Information provided:
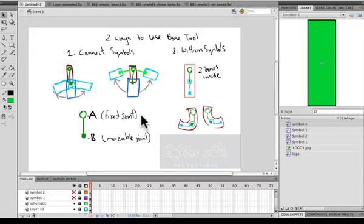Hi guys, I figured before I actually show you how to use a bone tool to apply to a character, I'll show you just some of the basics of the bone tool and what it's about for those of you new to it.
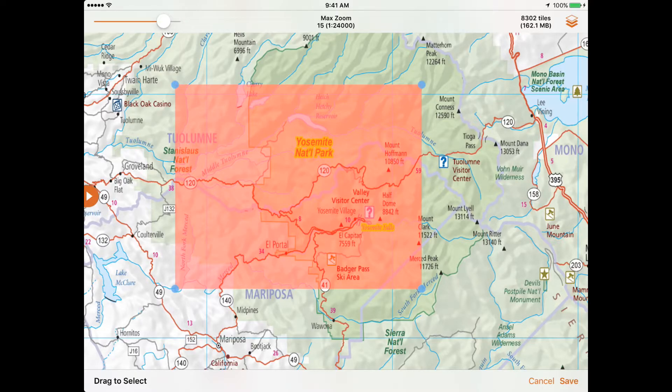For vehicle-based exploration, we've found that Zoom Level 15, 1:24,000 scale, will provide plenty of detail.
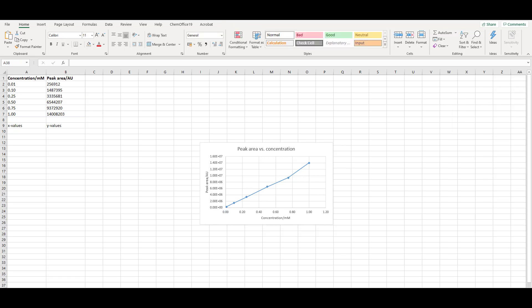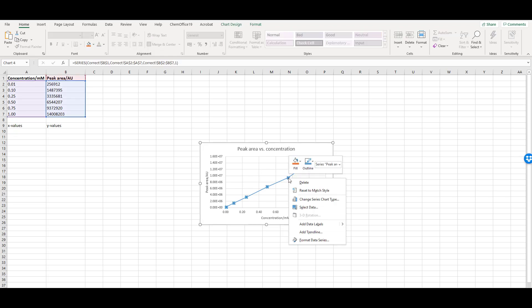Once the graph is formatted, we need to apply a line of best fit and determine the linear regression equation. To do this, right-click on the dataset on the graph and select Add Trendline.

The task:
Please print the span that begins at the line holding "For vehicle-based exploration, we've" and ends at the last line of the data, both ends included, with no pictures.

Solution to this task:
For vehicle-based exploration, we've found that Zoom Level 15, 1:24,000 scale, will provide plenty of detail.
Once the graph is formatted, we need to apply a line of best fit and determine the linear regression equation. To do this, right-click on the dataset on the graph and select Add Trendline.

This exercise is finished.